### Records for the task
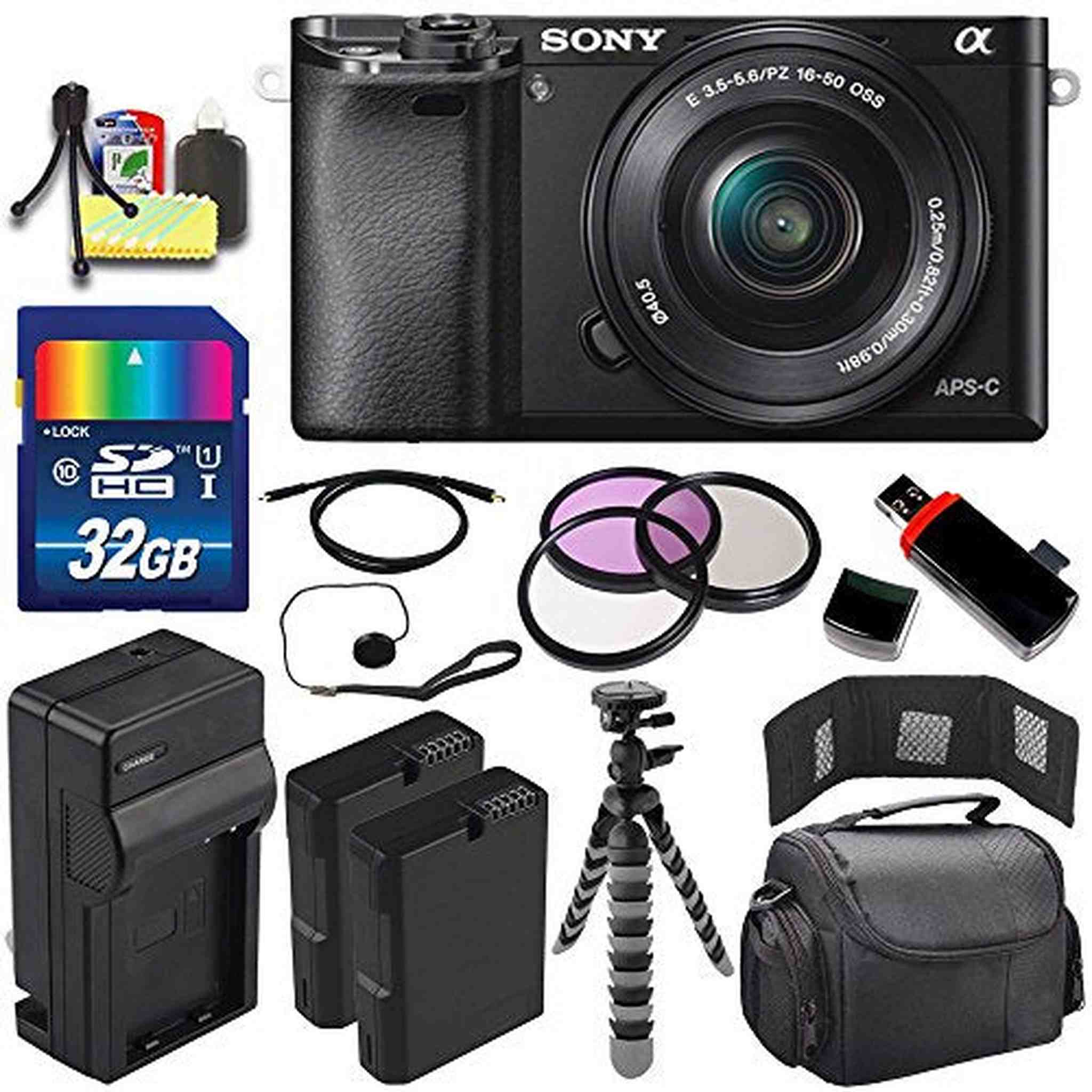 Sony Alpha a6000 Mirrorless Digital Camera with 16-50mm Lens Black + Battery + Charger + 32GB Bundle 5 - International Sony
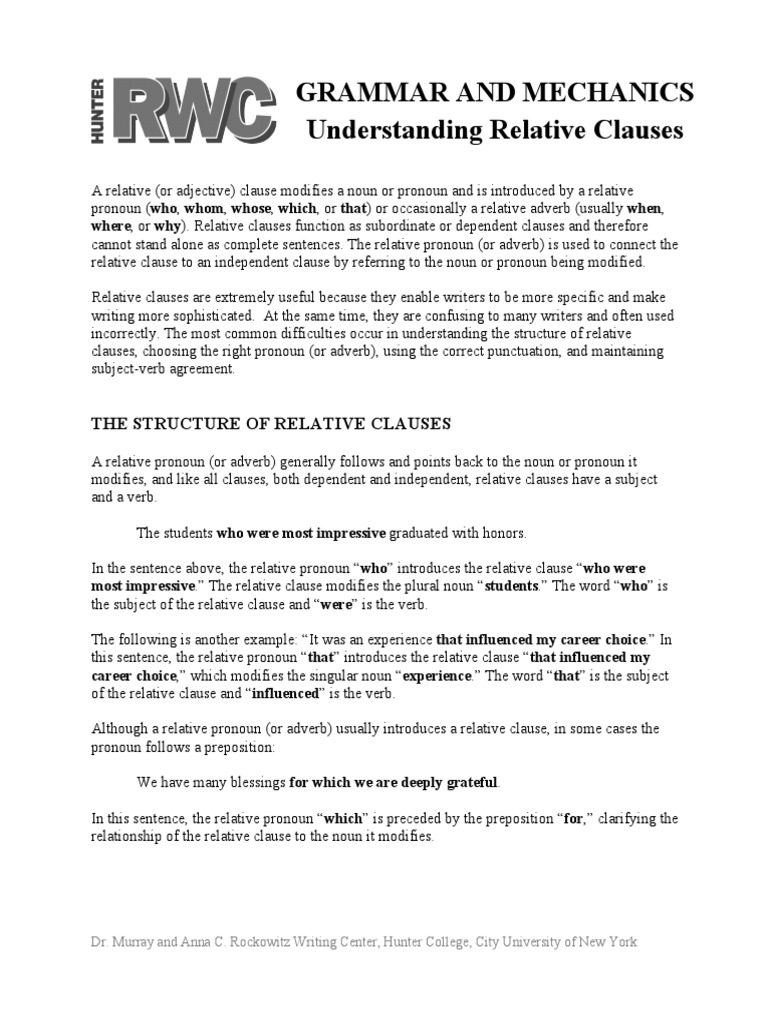 Understanding Relative Clauses | PDF | Clause | Pronoun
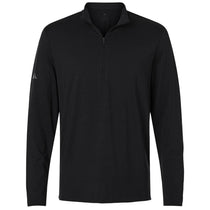 Adidas Men's Black Textured Stripe Quarter-Zip Pullover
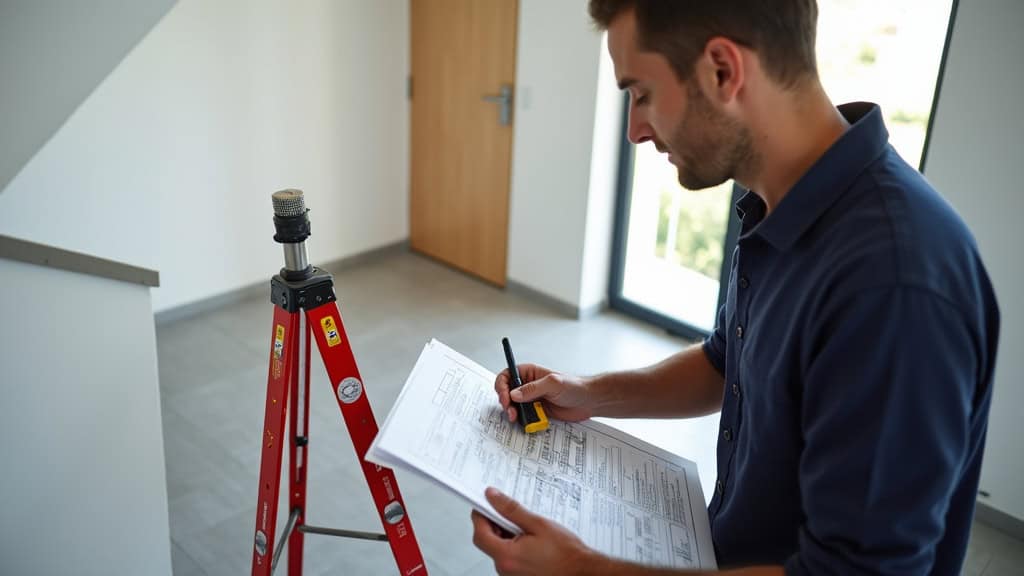 Technicien en train d’installer un rail de monte-escalier à Vidauban, avec outils de mesure et plan d’installation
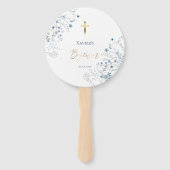 set van tien blauwe wilde bloemen Doop Handwaaier (Achterkant)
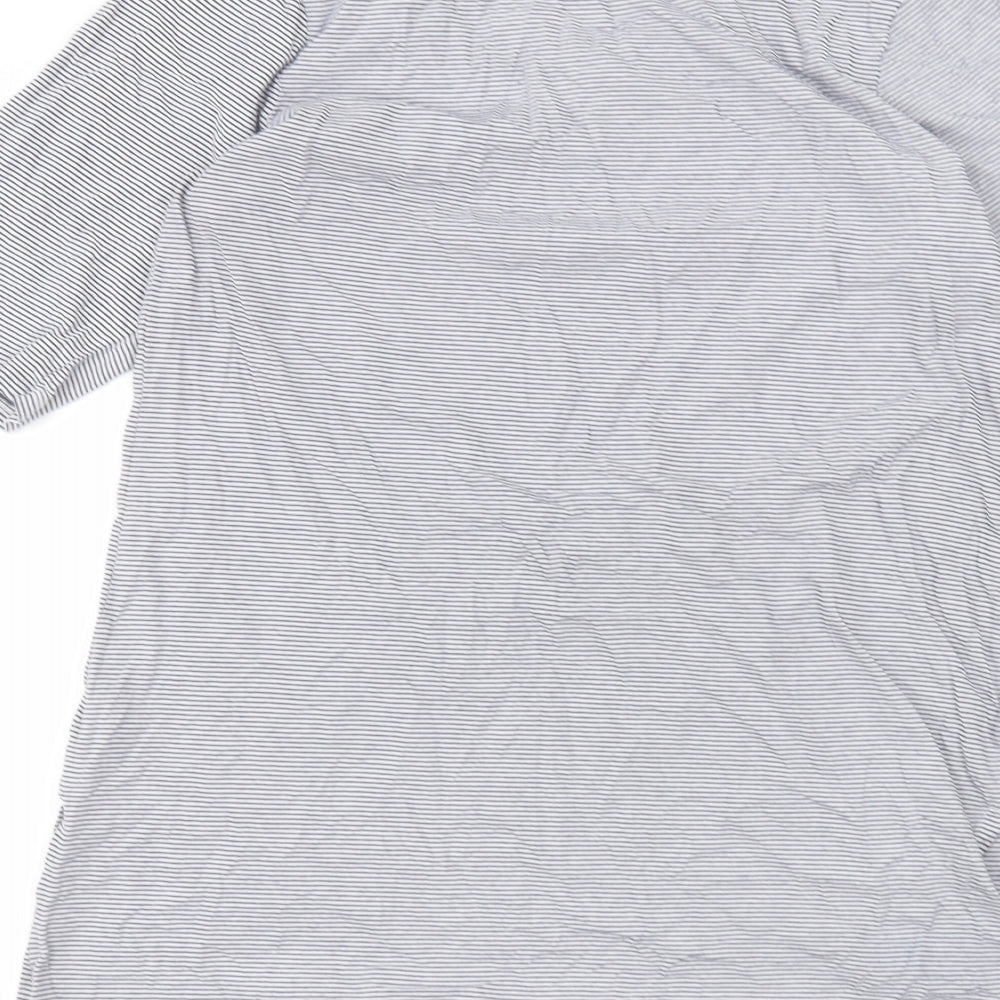 Matalan Womens White Striped  Basic T-Shirt Size M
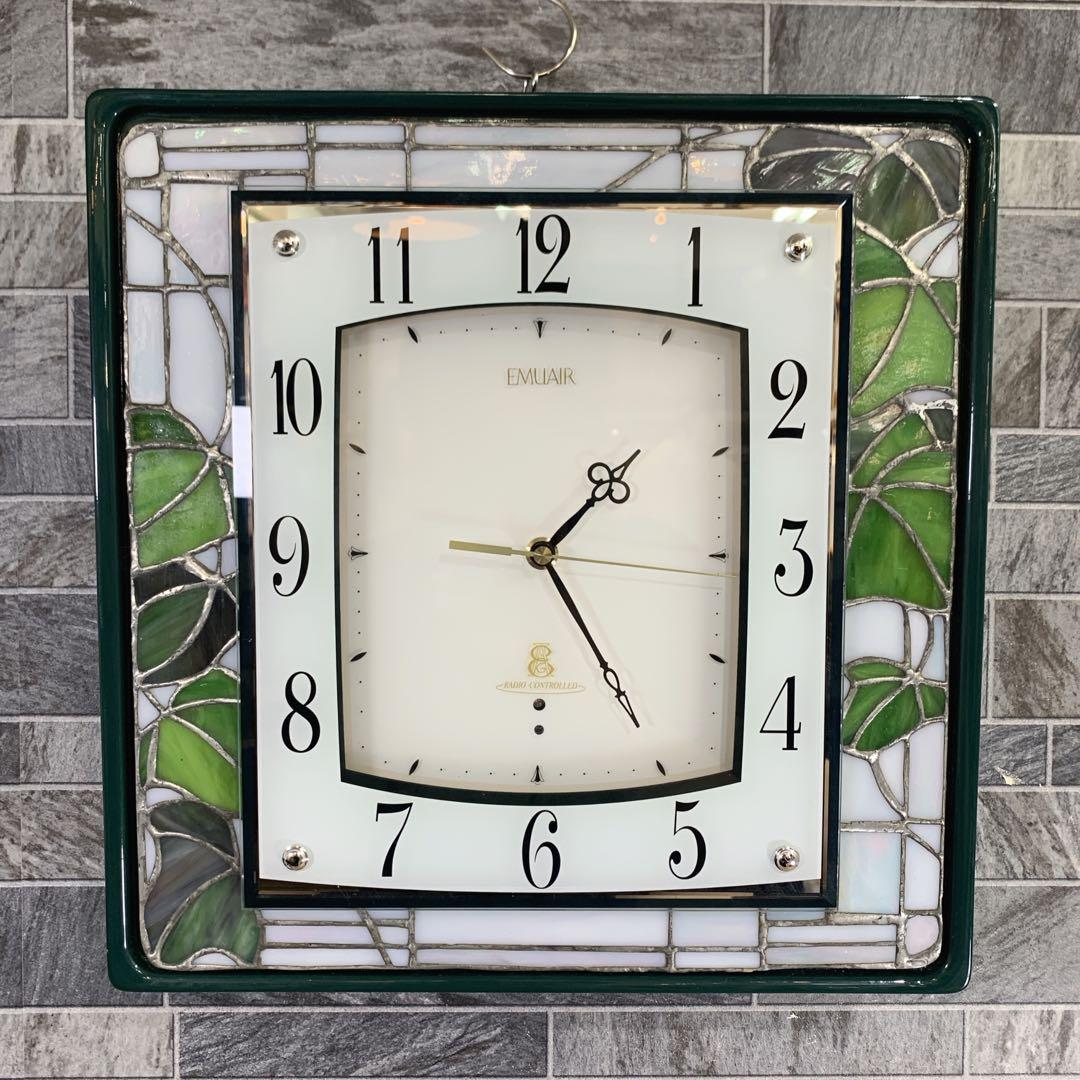 生産終了品　希少　リズム時計　EMUAIR　ステンドグラス枠　電波掛け時計
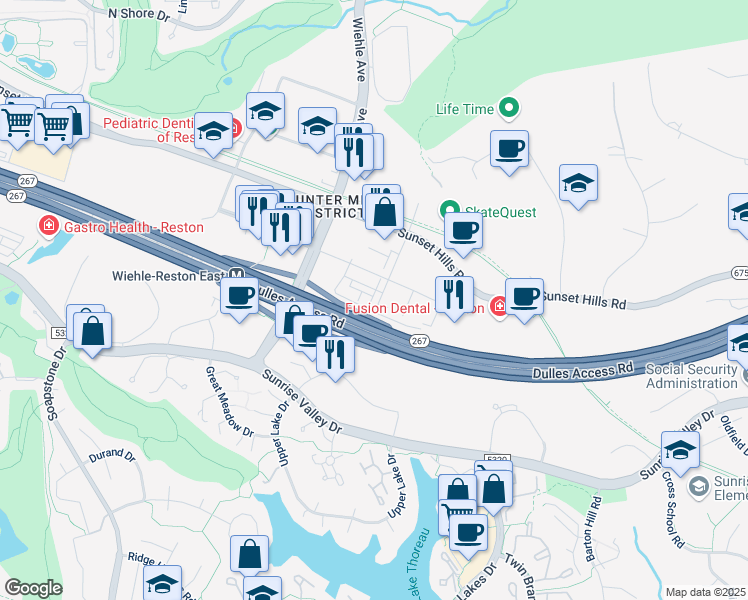 map of restaurants, bars, coffee shops, grocery stores, and more near 1880 Michael Faraday Drive in Reston
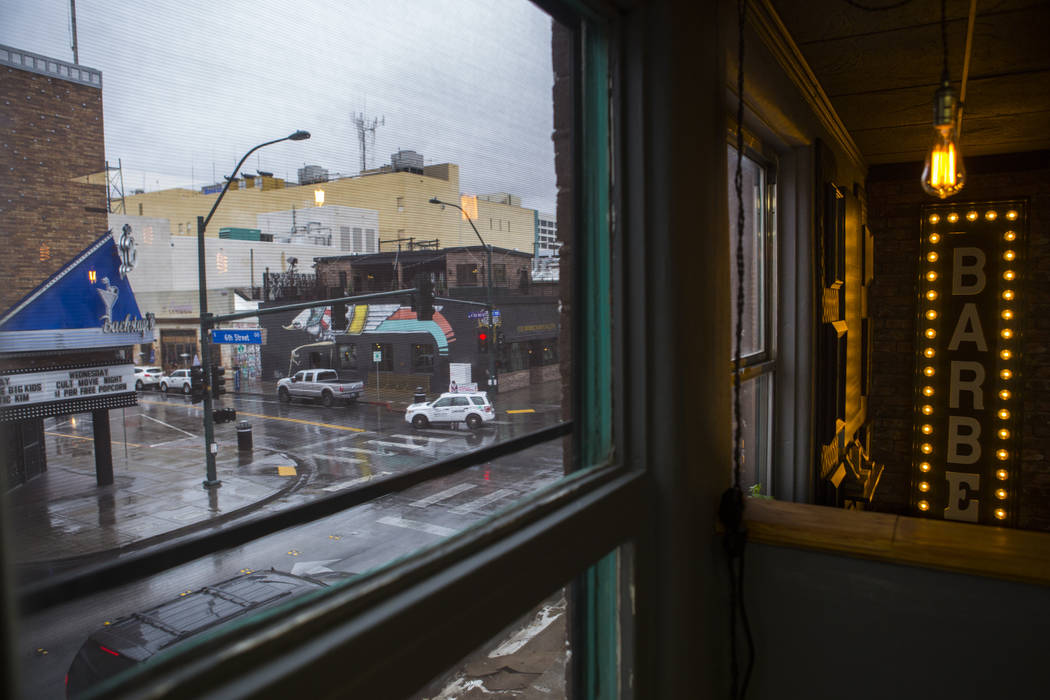 A view of Fremont Street from the Speakeasy Barbershop at the El Cortez in downtown Las Vegas on Tuesday, Jan. 15, 2019. Chase Stevens Las Vegas Review-Journal @csstevensphoto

### Aim of the task
Starting at the first line of the entries, restate word for word everything through the line that holds "map of restaurants, bars, coffee", both ends included, but omit any pictures.

### Written answer
 Sony Alpha a6000 Mirrorless Digital Camera with 16-50mm Lens Black + Battery + Charger + 32GB Bundle 5 - International Sony
 Understanding Relative Clauses | PDF | Clause | Pronoun
 Adidas Men's Black Textured Stripe Quarter-Zip Pullover
 Technicien en train d’installer un rail de monte-escalier à Vidauban, avec outils de mesure et plan d’installation
 set van tien blauwe wilde bloemen Doop Handwaaier (Achterkant)
 Matalan Womens White Striped  Basic T-Shirt Size M
 生産終了品　希少　リズム時計　EMUAIR　ステンドグラス枠　電波掛け時計
 map of restaurants, bars, coffee shops, grocery stores, and more near 1880 Michael Faraday Drive in Reston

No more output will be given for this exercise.